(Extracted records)
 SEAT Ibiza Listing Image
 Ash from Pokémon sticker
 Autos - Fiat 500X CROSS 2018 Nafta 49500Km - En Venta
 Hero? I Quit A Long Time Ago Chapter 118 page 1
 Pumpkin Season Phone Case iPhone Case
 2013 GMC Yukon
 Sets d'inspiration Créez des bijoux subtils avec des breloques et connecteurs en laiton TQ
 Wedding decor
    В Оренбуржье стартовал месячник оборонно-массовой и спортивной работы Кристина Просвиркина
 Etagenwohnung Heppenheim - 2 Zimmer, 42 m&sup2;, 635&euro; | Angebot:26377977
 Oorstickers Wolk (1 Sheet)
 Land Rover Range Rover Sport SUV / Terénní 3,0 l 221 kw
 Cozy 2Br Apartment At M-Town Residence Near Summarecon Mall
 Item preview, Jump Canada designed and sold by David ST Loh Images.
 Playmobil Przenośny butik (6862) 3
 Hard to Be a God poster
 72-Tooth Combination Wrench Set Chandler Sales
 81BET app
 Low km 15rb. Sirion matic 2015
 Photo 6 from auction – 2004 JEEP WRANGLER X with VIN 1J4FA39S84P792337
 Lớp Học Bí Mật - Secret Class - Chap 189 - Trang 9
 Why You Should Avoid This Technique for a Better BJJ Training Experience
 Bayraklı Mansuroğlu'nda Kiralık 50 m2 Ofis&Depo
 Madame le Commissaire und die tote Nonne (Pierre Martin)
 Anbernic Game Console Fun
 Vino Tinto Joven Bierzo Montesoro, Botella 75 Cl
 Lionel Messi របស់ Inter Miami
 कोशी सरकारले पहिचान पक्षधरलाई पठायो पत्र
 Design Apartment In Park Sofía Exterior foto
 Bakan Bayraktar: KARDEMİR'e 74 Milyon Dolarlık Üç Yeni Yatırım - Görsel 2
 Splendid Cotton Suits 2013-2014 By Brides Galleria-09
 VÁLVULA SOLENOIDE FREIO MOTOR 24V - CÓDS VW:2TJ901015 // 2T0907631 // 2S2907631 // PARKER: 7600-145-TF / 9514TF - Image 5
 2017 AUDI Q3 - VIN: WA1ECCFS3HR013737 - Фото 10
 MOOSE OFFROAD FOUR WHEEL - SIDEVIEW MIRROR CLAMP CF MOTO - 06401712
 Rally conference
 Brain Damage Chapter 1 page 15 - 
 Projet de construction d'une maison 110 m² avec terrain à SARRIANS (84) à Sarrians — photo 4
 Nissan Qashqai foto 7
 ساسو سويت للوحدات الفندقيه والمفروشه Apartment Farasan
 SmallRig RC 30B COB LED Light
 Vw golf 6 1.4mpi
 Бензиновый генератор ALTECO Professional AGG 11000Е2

#### Required work
Please return a copy of each line in the entries that has the string "Chapter".

#### Solution for this problem
 Hero? I Quit A Long Time Ago Chapter 118 page 1
 Brain Damage Chapter 1 page 15 - 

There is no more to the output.